Edited by Jane Rosemarin
The Gift Bag, folded by Jane Rosemarin from her fennel frond paper. See PDF diagrams.

Editor’s note: Earlier this year, I was looking for a practical, easy-to-fold model to teach at an Origami Minnesota Zoom meeting. I settled on Doris Lauinger’s Gift Bag, diagrammed by Nick Robinson in the 2007 “Christmas Origami Book.” (These collections were compiled for many years by Anna Kastlunger. Anyone who contributed a model would receive a PDF copy.) The meeting attendees loved the little bag, so I thought I’d reprint the diagrams here.

Doris, who was a good friend of Nick’s, died in 2013. Below are several paragraphs from Nick’s remembrance.

I can’t recall exactly when I first met Doris, but it would have undoubtedly been at an Origami Deutschland convention, probably in the late ’90s. She was quite short and had close-cropped hair, which gave her quite an “elfin” appearance. It’s hard to quantify what it is that makes two people “get on,” but we did, and over the years, a close (if necessarily remote) friendship developed. We exchanged emails frequently, and I began to make diagrams for some of her designs.
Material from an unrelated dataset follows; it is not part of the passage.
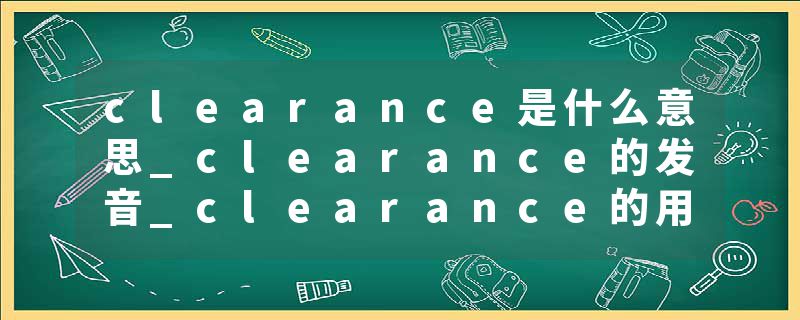 clearance是什么意思_clearance的发音_clearance的用法_clearance怎么记_clearance翻译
In the origami world, there are the superstar creative folders, who we are generally in awe of, and the vast majority who simply fold and take great pleasure from it. In between these two are a small group who are creative in a more modest way, adapting designs, spreading ideas, making beautiful displays and taking it one step beyond simply folding a model.

Doris was one of these – she followed her own creative muse in origami, generally in the areas of envelopes, wallets, stars and boxes. She took great delight in folding these designs using attractive paper that she found in her hometown of Bonn, in Germany.